Nella veste dell’esorcista si è calato il professor Ugo Arrigo su Leoni Blog segnalando che, per convenzione, Eurostat registra il debito pubblico lordo, come da parametri di Maastricht, e non quello netto, che è la grandezza di riferimento ai fini di sostenibilità effettiva. Confrontando la grandezza lorda con quella netta, si scoprono cose interessanti. Come scrive Arrigo:

«Non dimentichiamoci tuttavia che Eurostat registra il debito pubblico lordo (perché lo richiede il trattato di Maastricht), non ridotto della liquidità del Tesoro, dei depositi presso la Banca d’Italia e dei prestiti ai meccanismi europei salvastati. Se togliamo queste voci, che rappresentano attività a fronte della passività del debito, otteniamo il debito pubblico netto, grandezza un po’ più importante di quello lordo per valutare le tendenze della finanza pubblica»

Come si osserva dalla tabella nel post, nel terzo trimestre 2013 il debito pubblico netto italiano è aumentato da 1922 a 1950 miliardi di euro. Il lordo è calato perché

«Ecco dunque svelato il mistero: tra giugno e settembre 2013 il debito pubblico netto dell’Italia non è diminuito ma è anzi aumentato di quasi 29 miliardi (e in solo trimestre bisogna dire che è un bel balzo).

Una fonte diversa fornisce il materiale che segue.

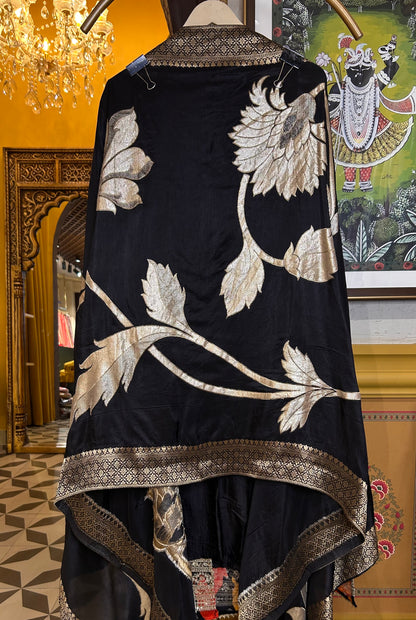 Siyaar Banarasi Suit (Black)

Tuttavia il Tesoro non ha pagato l’eccesso di spese sulle entrate del trimestre emettendo nuovi titoli netti, nel qual caso si sarebbe accresciuto in misura equivalente il debito pubblico lordo e l’Eurostat ce lo avrebbe prontamente segnalato, ma ha preferito utilizzare liquidità già disponibile e depositi presso la Banca d’Italia. Poiché tale disponibilità è stata ridotta di quasi 36 miliardi a fronte di un’esigenza di pagamenti non coperta da incassi per 29 miliardi, ecco che apparentemente il debito si è ridotto. Ma è solo apparenza e non vi è ovviamente nulla da festeggiare»

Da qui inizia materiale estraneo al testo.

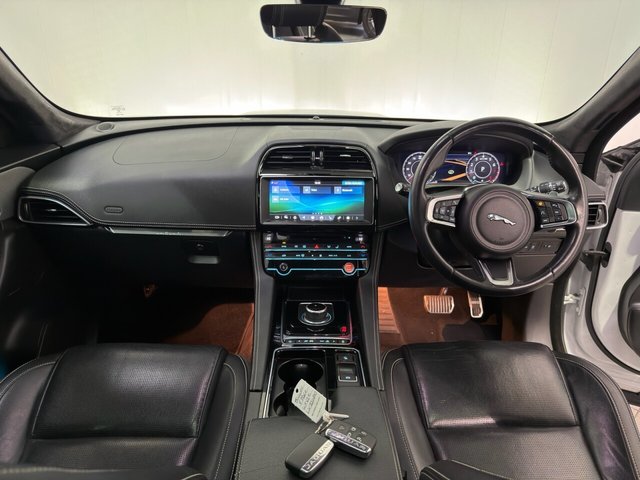 2020 Jaguar F-Pace 2L Chequered Flag 5dr - Photo 3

Una  brillante operazione di window dressing, nulla da dire. Che è piaciuta molto dalle parti di Palazzo Chigi:

“Dopo i dati Istat sulla ripresa dell’industria”, i dati Eurostat sul debito pubblico sono “un’altra riprova della bontà del cammino di politica economica intrapreso, un nuovo segnale che ci incoraggia a proseguire sulla strada delle politiche per la crescita, nel rispetto della tenuta dei conti pubblici”. Lo afferma il premier Enrico Letta (Ansa, 22 gennaio 2013)

Con codazzo di amplificazione mediatica, naturalmente. Ricordando che stiamo parlando del paese che continua ad avere tasso di crescita del Pil nominale inferiore al costo medio del debito pubblico, e per questo motivo è costretto ad avanzi primari ampi e protratti. Non è ancora tempo per festeggiare.